• [Exercise description] Restate word for word the lines below, from the one containing "Antique Meissen Teapot" through the final line, with no pictures included.

• [Collected data]
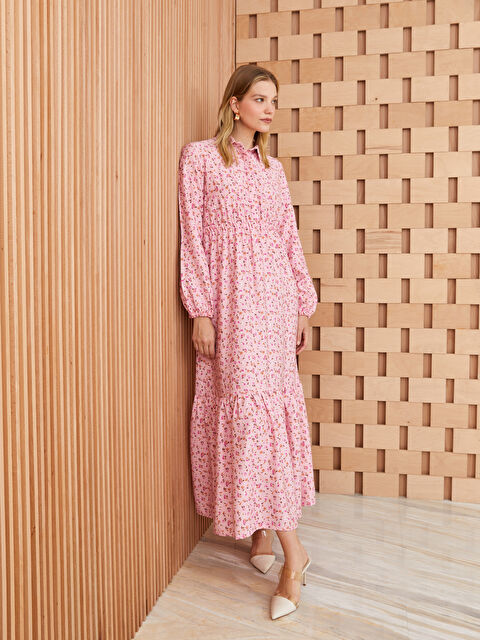 LCW Modest فستان قميص كم طويل مُزهر للسيدات - S3IA55Z8-LT4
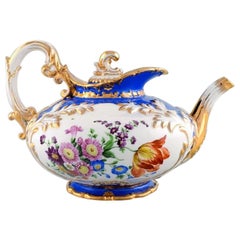 Antique Meissen Teapot with Gold and Flower Decoration, 19th Century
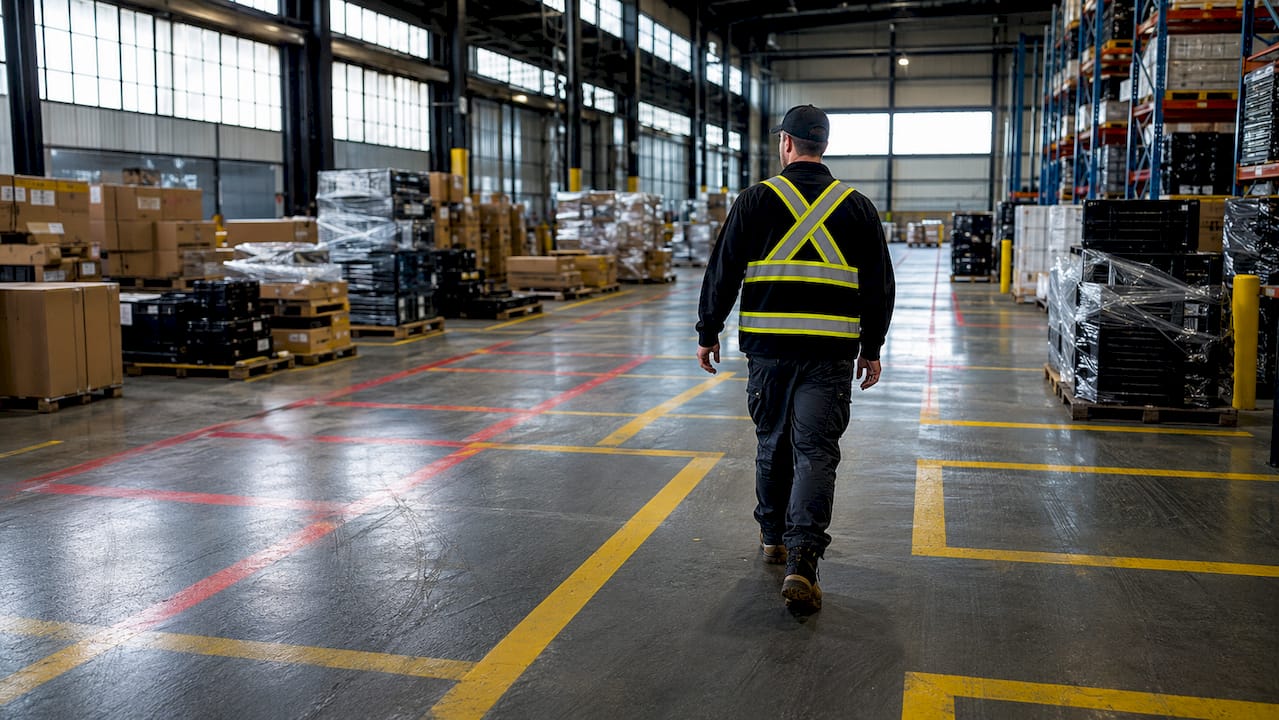 Color-coded floor marking zones in warehouse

• [Response to this task]
 Antique Meissen Teapot with Gold and Flower Decoration, 19th Century
 Color-coded floor marking zones in warehouse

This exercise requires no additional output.